The Art of Gold: Gilding and Gold Leaf in Interior Design


As specialists in luxury decoration, we regularly incorporate gold leaf and other precious metal leaves into our projects and we think a spotlight on this intricate material is deserved.

Find out more about the history of gold leaf, its uses in the modern world and why you should incorporate it into your luxury interior design projects today.

What is gold leaf?

Gold leaf is gold that has been hammered into thin sheets by “goldbeating” – the process of hammering the gold into an extremely thin unbroken sheet.

It is primarily used for gilding and is available in a wide variety of karats and tones which vary from yellow to silver.

Famous for being both indestructible and malleable, its craft dates back from ancient times and it can be applied to almost any surface, producing a warm glow on objects, architecture and sculptures.

The most commonly used gold leaf that you will have seen is made from 22-karat yellow gold.


A brief history of gold leaf

The first evidence of human interaction with gold was the Egyptians in around 3,000 B.C. Gold was considered the colour of the gods and the pharaohs and was even referred to as “the skin of gods”. The fine material was used to decorate the luxury rooms of the Pharaoh and served a myriad of purposes, but was predominantly used to showcase wealth and power via interior decoration or jewellery.

The techniques used are not as well documented thanks to the looting of Egyptian sites but Deborah Schorsch of the Department of Objects Conservation, The Metropolitan Museum of Art states that ‘gold leaf as thin as one micron was produced even in ancient times, and thicker foils or sheets were applied mechanically or with an adhesive to impart a golden surface to a broad range of other materials.’

One of the earliest examples of gold application that lives on is the Basilica di Santa Maria Maggiore in Rome. Gold became an integral component of Byzantine and Roman churches and basilicas in 400 AD, and the mosaics in this instance were made of stone, tile or glass-backed on gold leaf walls.

Between the 11th to 13th centuries in Venice, craftsman began to play with the precious material. The “Sculoe”, a craftsmen’s corporations, was one first places to “beat” gold and turn it into the finest sheets of gold leaves. This was achieved by inserting a gold ribbon between two layers of animal skin, and beating it to create leaves as thin as a veil.

In ancient Greece, the most famous statues which utilised gold leaf were the chryselephantine statues which combined the luxury materials of gold leaf and ivory. Bare parts of the statue were made of ivory to reflect skin, while the robes and accessories were covered with gold leaf.

Archaic Chryselephantine statue fragments at Delphi Archaeological Museum
The material was also popular in sacred paintings and often the sky was made using gold leaf. This was known as “gold-ground” painting and was first known in Italy followed by the Byzantine
Empire and other European countries. If other godly or sacred figures were present, gold leaf was often used to distinguish them from others in the work.

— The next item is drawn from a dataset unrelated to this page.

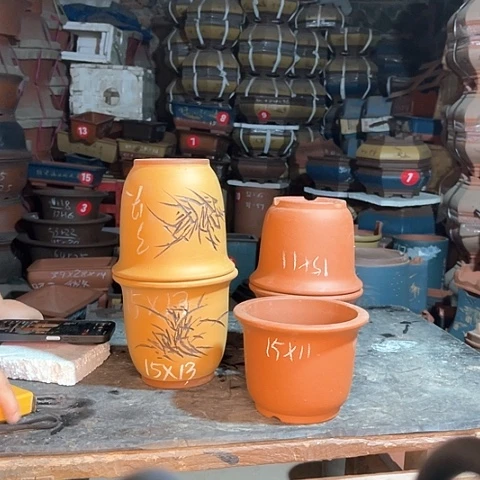 紫砂花盆小金钟盆6个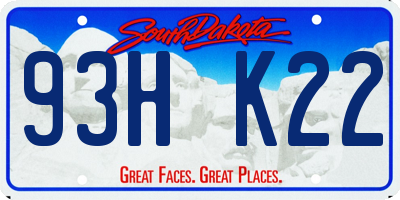 SD license plate 93HK22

During the 1800s, gold leaf had a resurgence in popularity and became sought after for use in art, sculpture, architecture and interior decoration. Today, gold leaf gilding is one of the most treasurable and richest crafts techniques. The ornamental decoration process is still seen as a sign of luxury and quality for use in projects that are designed to create impact; not limited to statues, luxury furniture or even frames.

What techniques are there for gold leaf?

Creating gold leaf is a time consuming and very detailed process and there are a number of techniques to work with the material. Look out for terms such as gilding, engraving oil gilding, water gilding, engraving, etching, polishing and verre églomisé. Each one takes know-how, patience and precision to get the desired finished result.

We’re going to take a look at traditional water gilding, one of the most difficult ways to work with gold but the technique remains unchanged for hundreds of years.

Before engraving or polishing gold leaf, at Pigmentti, we prepare the work with 16 layers of Gesso Bologna, eight layers of bole before finally water gilding. Water gilding is used to achieve a mirror finish on glass, but is also used on bole (clay) which means it can be used in interior architecture. Loose sheets of gold are layered on the bole which supplies a flexible surface. Once water gilding has taken place the process of engraving or polishing the gold begins. The bole allows for polishing the gold and gives it a red reflection thanks to the transparent nature of the leaf.